The only problem is, Australian Test captains rarely come from Shield cricket these days. Australian captains are picked from within the team. Mostly from the players who have played several years of international cricket, which makes them unavailable for Shield cricket. Border, Taylor, Waugh, Ponting and Clarke didn’t get to play entire seasons as Shield captains. Perhaps with the exception of Taylor, they really learnt the job as second in charge of the Test team, or through captaining the limited-overs sides.

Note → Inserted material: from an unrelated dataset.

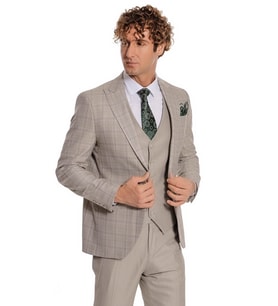Ekose Ceketli Slim Fit Krem Erkek Takım Elbise - Wessi
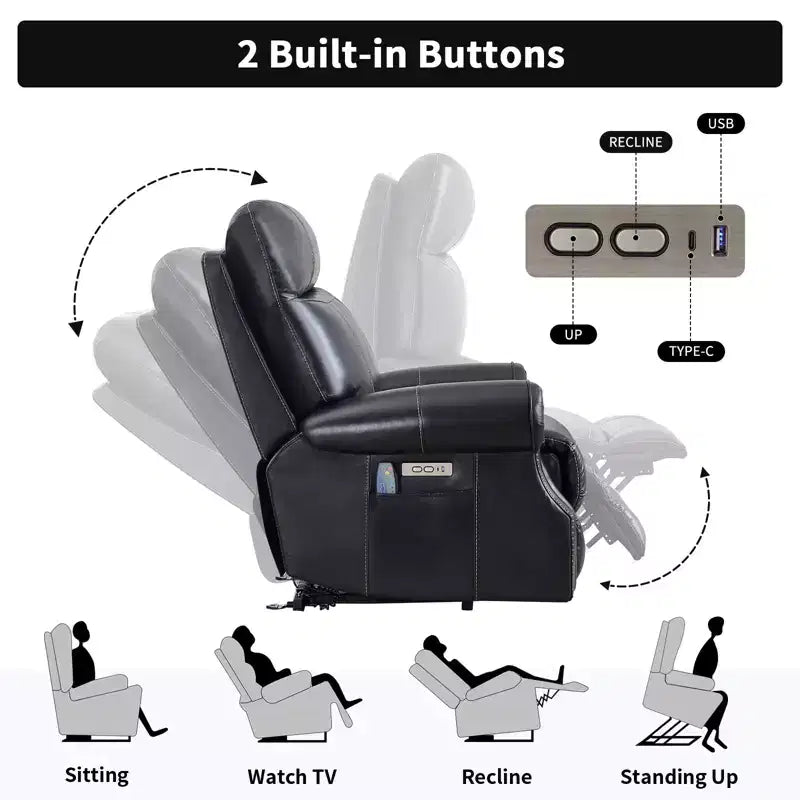 Fauteuil inclinable releveur en cuir véritable avec massage et USB, un seul siège – Noir / Marron / Bleu foncé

With Haddin averaging 22 in his comeback series, the chances are Wade will be the keeper in all three formats and he’ll barely captain Victoria. With Haddin out of the side, if the Australian team really rate Wade, he’d be made vice-captain of the Test side. If Victoria really wanted to replace White with a potential future captain who could get invaluable experience, they’d be better off with Alex Keath or Peter Hanscomb. They are both older than White was when he took over from Darren Berry.
Or they could have left White there to help develop the next generation of cricketers. Other than as an occasional member of the limited-overs side, the one thing that White can still give Australian cricket is his captaincy. Not at the international level but at domestic. A young first-class batsman should be examined by a smart captain. Poking at a technique that has been largely untested in age-group cricket and academies. A Victorian bowler with promise being mentored by an expert. A player trying to get back into the Test team up against a captain who knows how to make him struggle.
White’s batting and bowling might not have been Test quality, but his captaincy is. The one thing he did best, the one way he could continue to help Australian cricket, is now being taken out of Shield cricket. How soon before he drifts into the life of a T20 freelancer and is virtually lost to Australian cricket altogether?
You’d think a country that is having so many problems producing skilled cricketers would be a little more hesitant to throw away the ones they have. A few days after his 30th birthday, Australian cricket has started to distance itself from one of its lost generation. In doing so, they continue to lose.